Dataset excerpts:
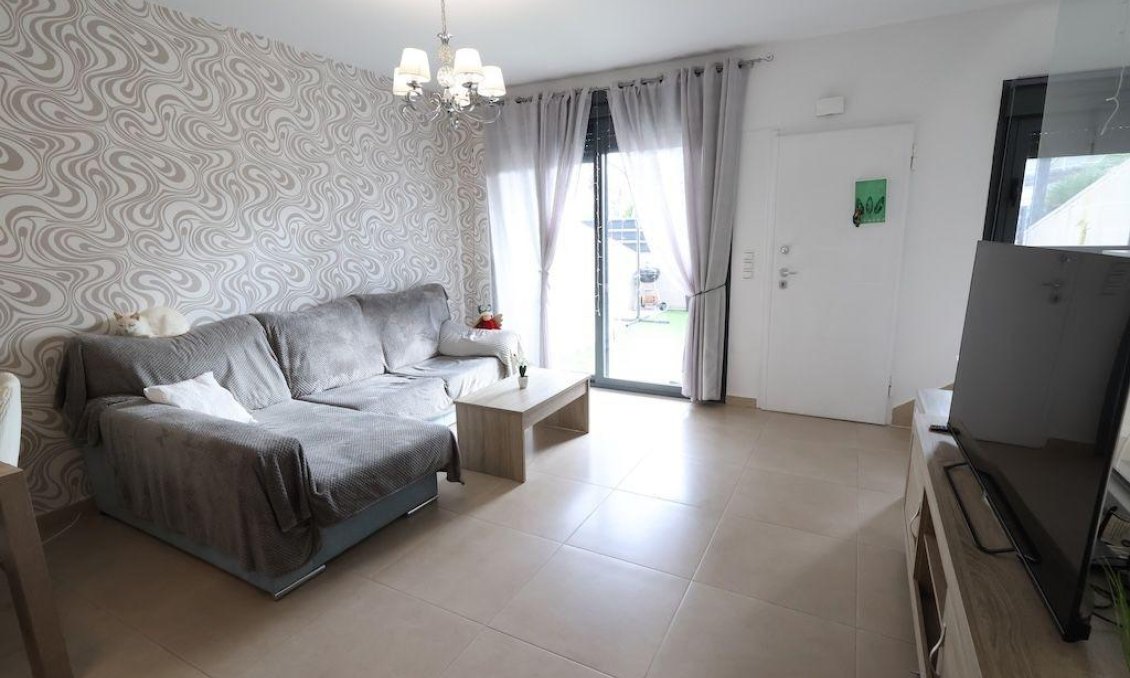 Wiederverkauf - Town House -
Orihuela Costa - Costa Blanca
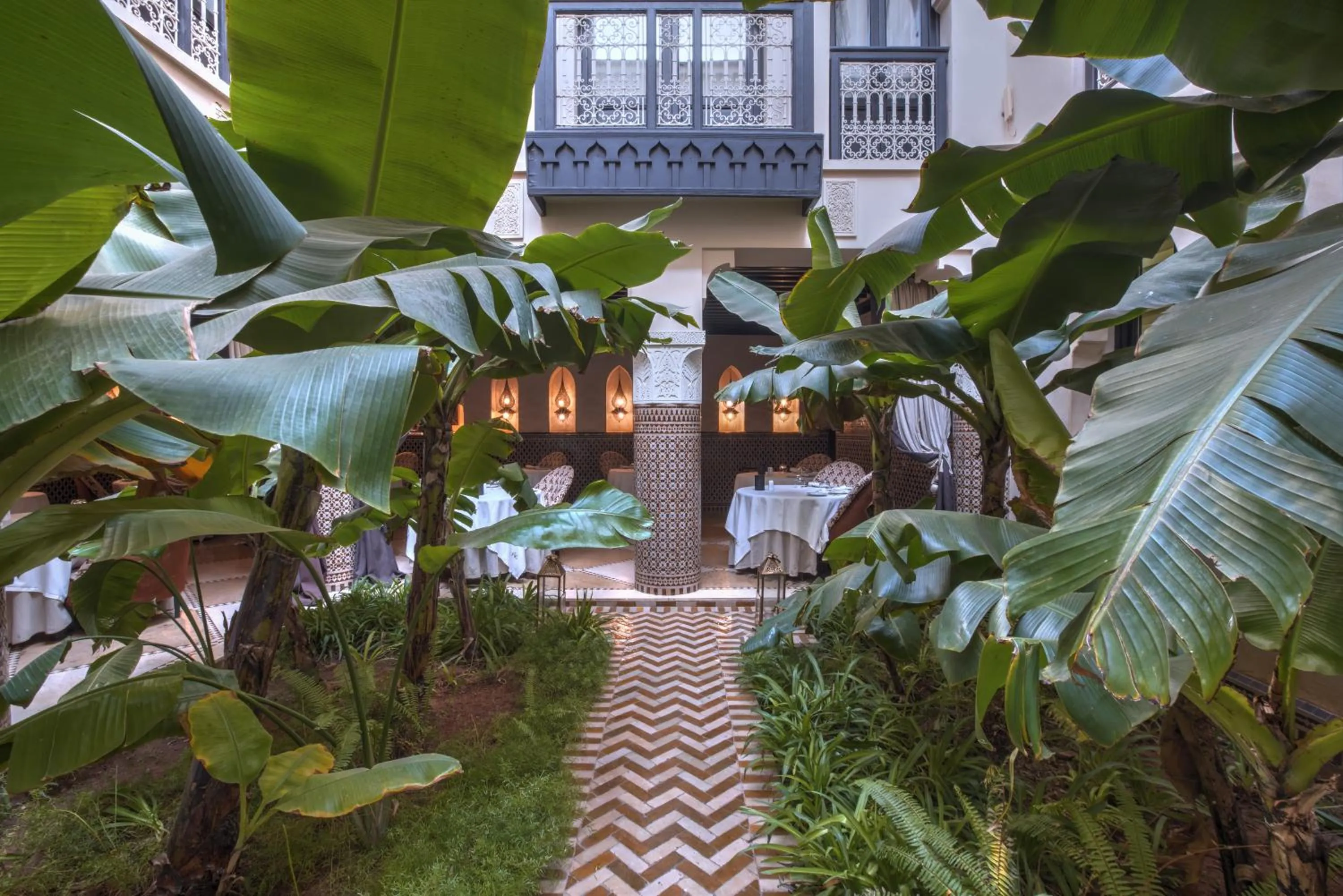 Spring in Riad Kheirredine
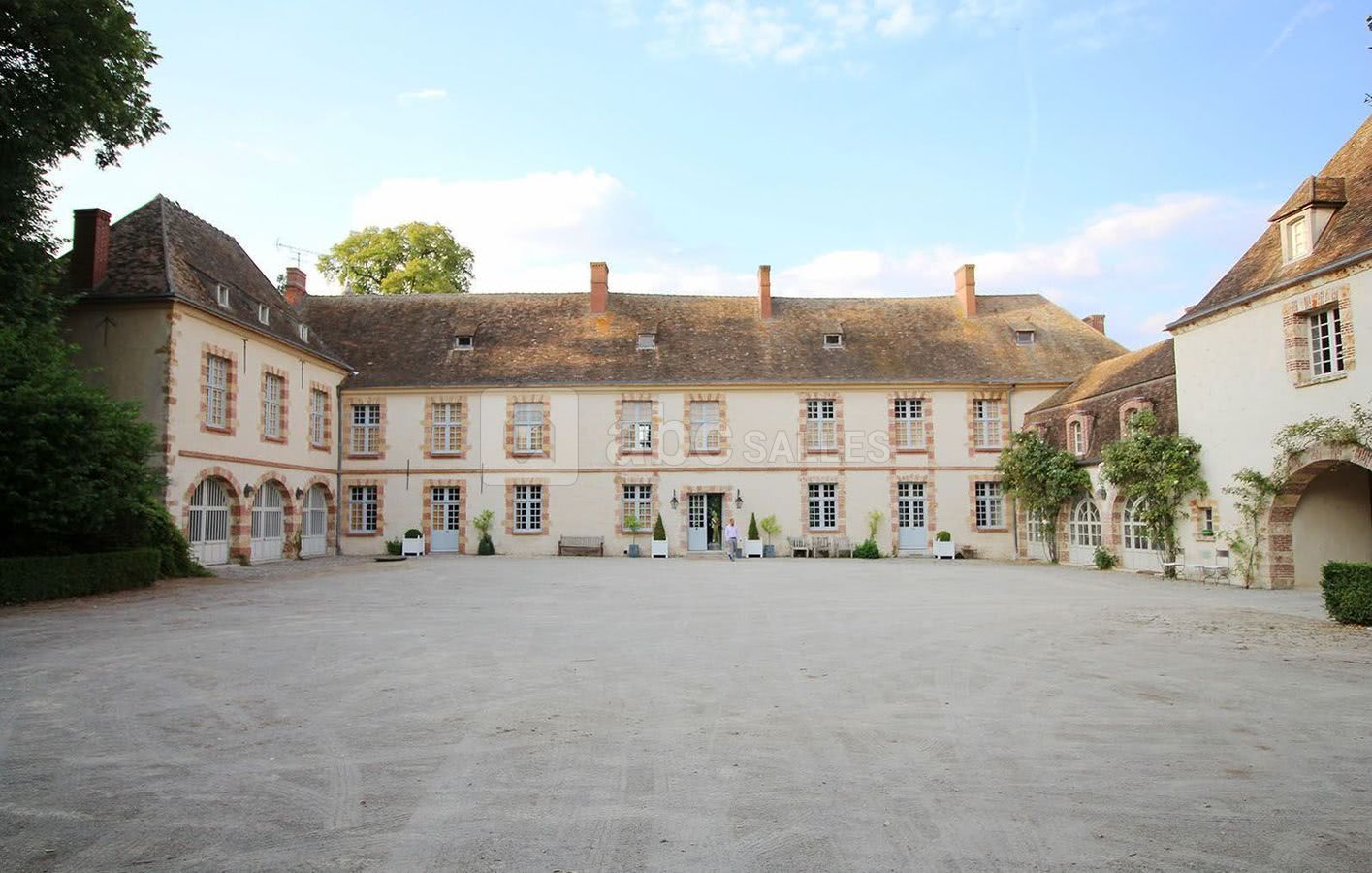 Château de la Cour Senlisse
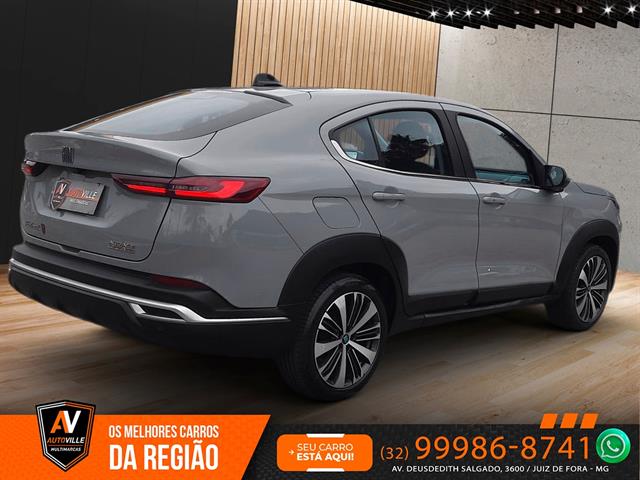 FIAT FASTBACK AUDACE 1.0 200 T. FLEX AUT 2023
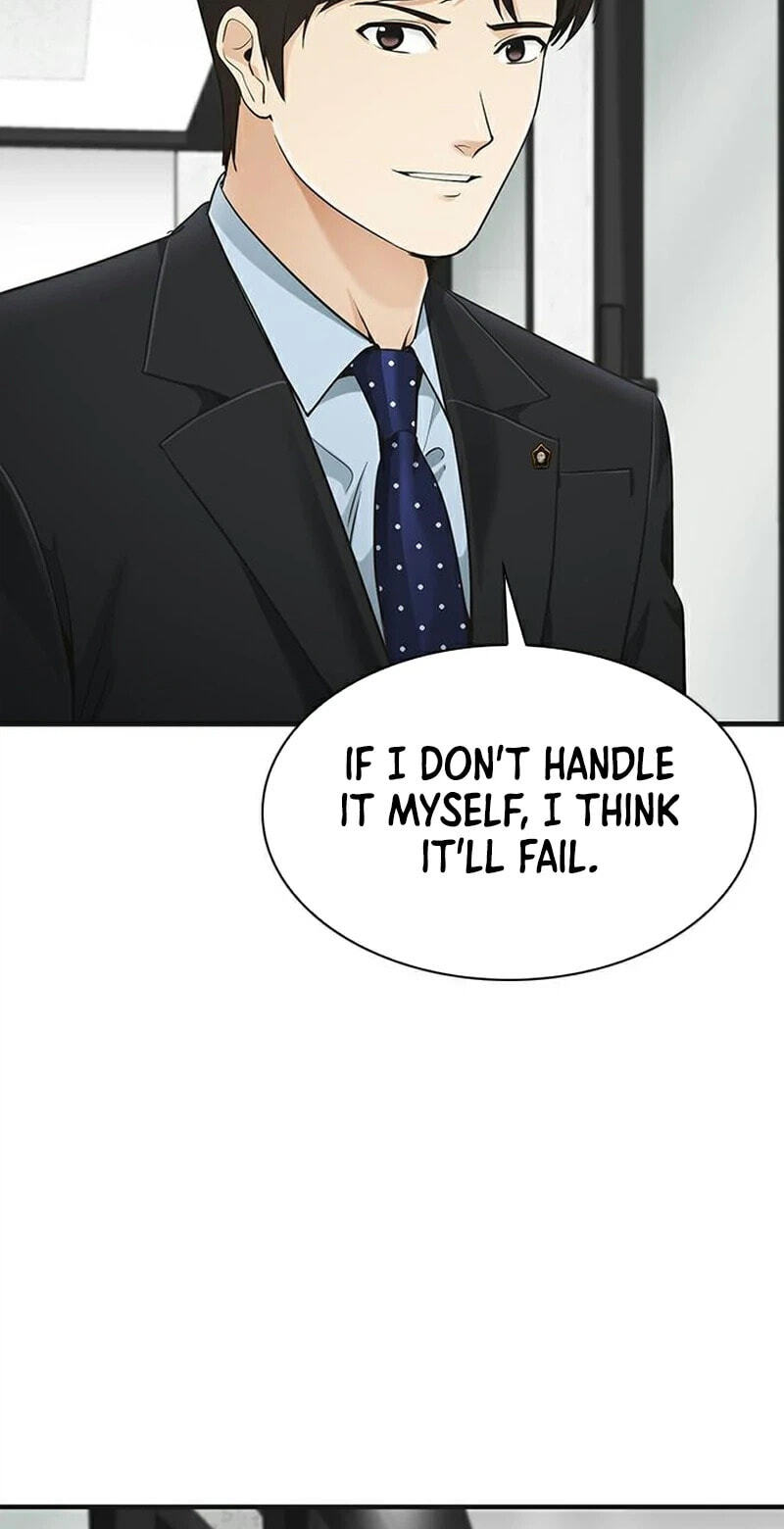 The Lawyer Who Sees Spirits Chapter 23 page 22 - 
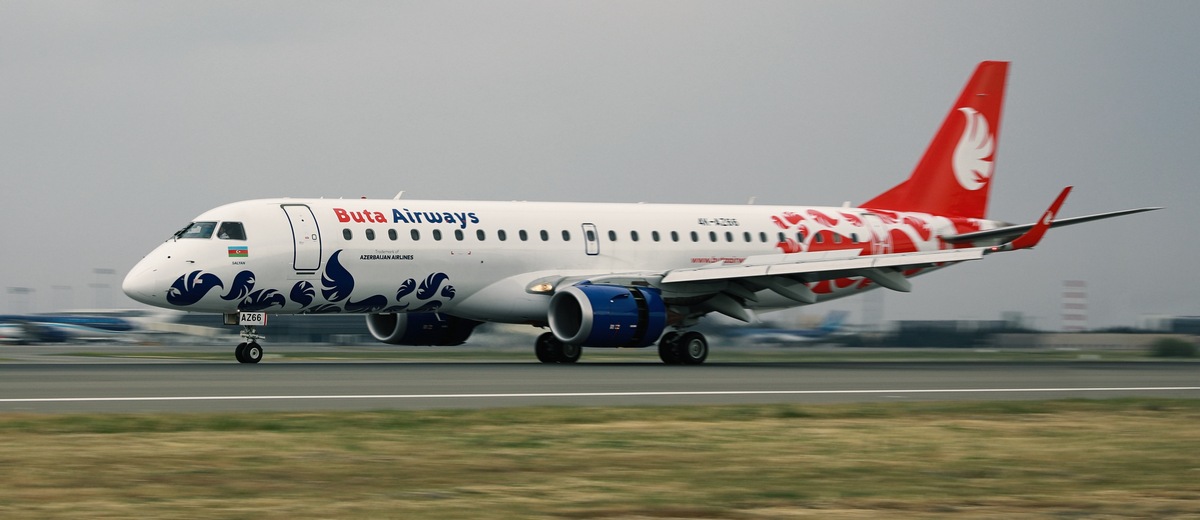 4 May 2019 Spotting at Haydar Aliyev International Airport (GYD)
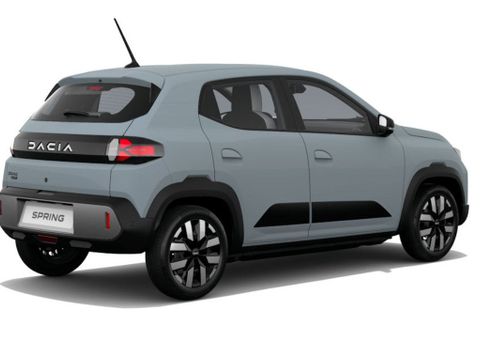 Dacia Spring, 2026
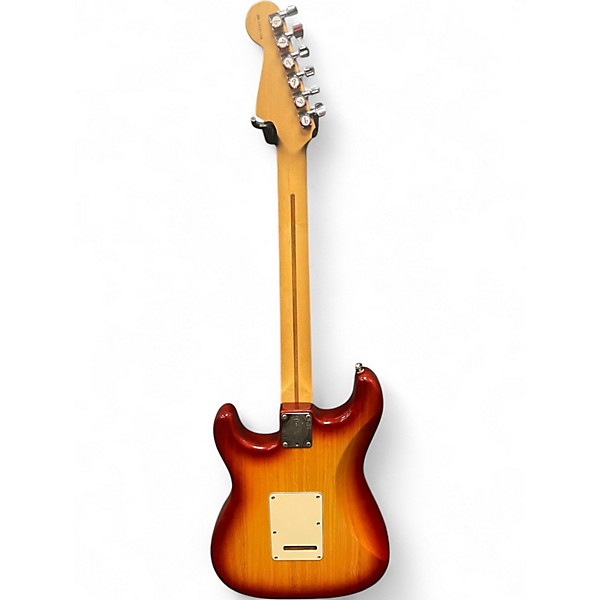 Used Fender 50th Anniversary American Stratocaster SIENNA BURST Solid Body Electric Guitar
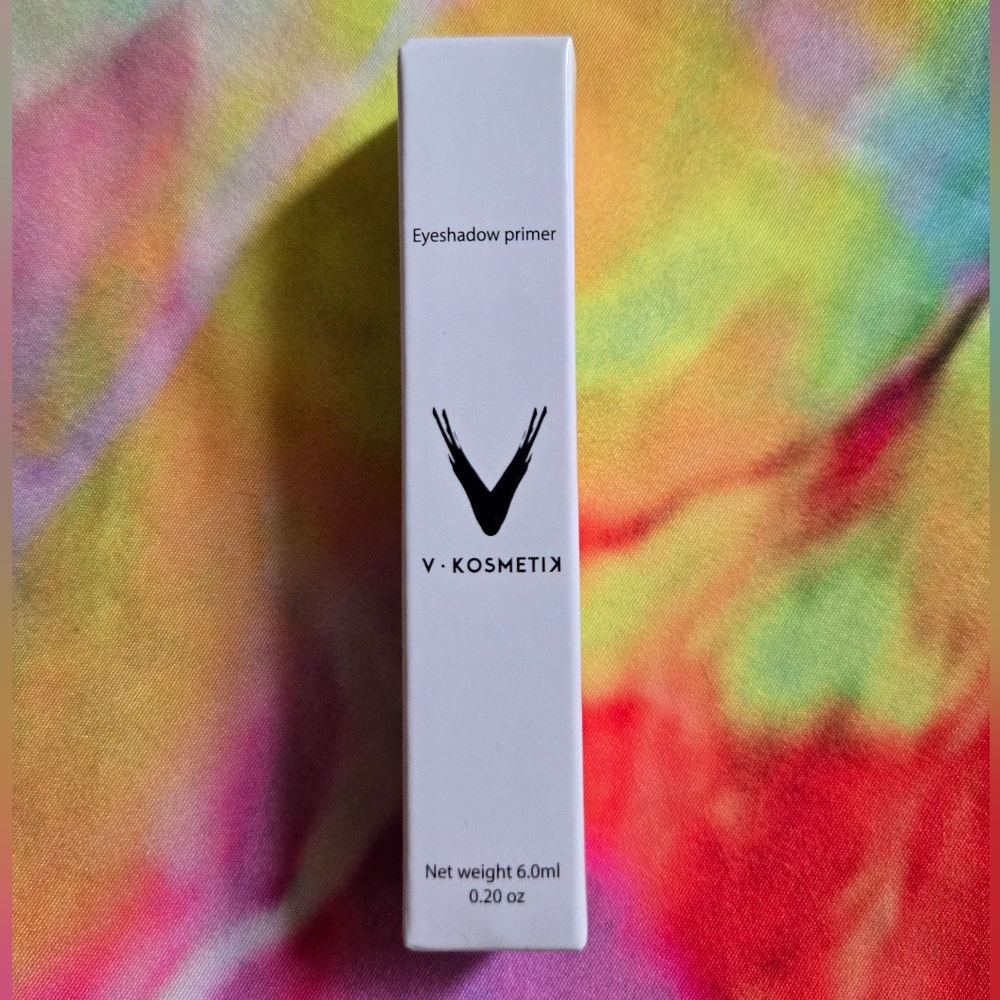 V. Kosmetik Eyeshadow Primer - White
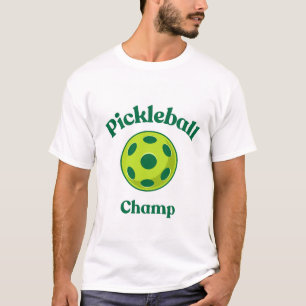 T-shirt Champ de basket-ball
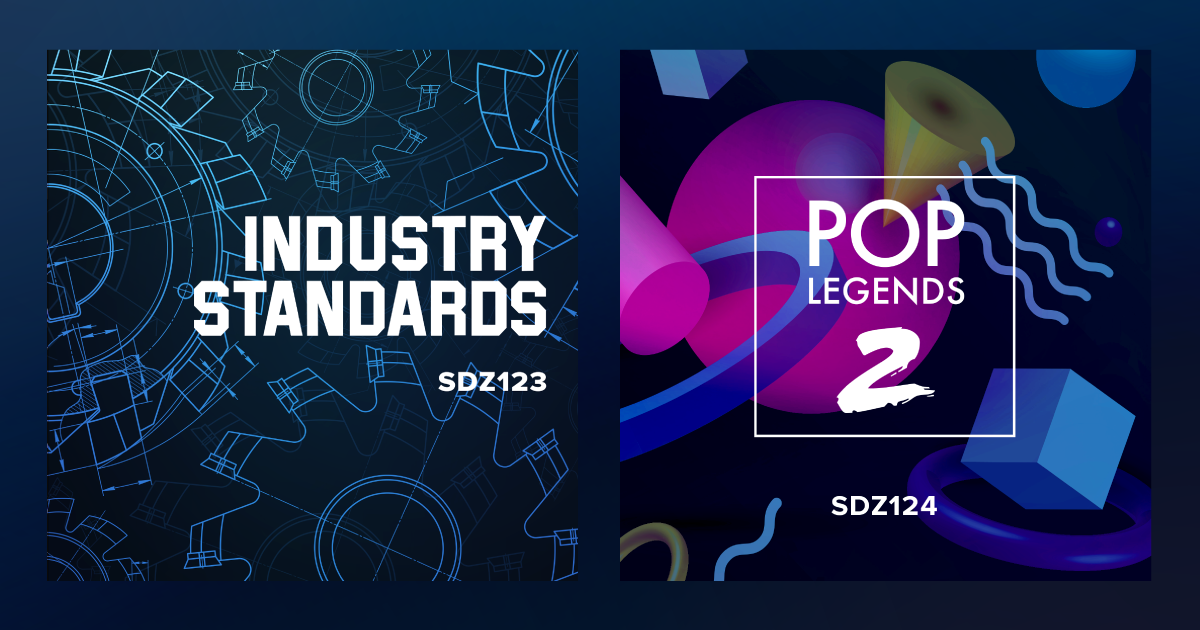 SDZ Sound Packs 123 & 124 Now Available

== Your assignment ==
The copy should hold only the lines from the one with "Château de la Cour Senlisse" through the one with "Dacia Spring, 2026", exactly as they stand above. Leave out the pictures.

== Result ==
 Château de la Cour Senlisse
 FIAT FASTBACK AUDACE 1.0 200 T. FLEX AUT 2023
 The Lawyer Who Sees Spirits Chapter 23 page 22 - 
 4 May 2019 Spotting at Haydar Aliyev International Airport (GYD)
 Dacia Spring, 2026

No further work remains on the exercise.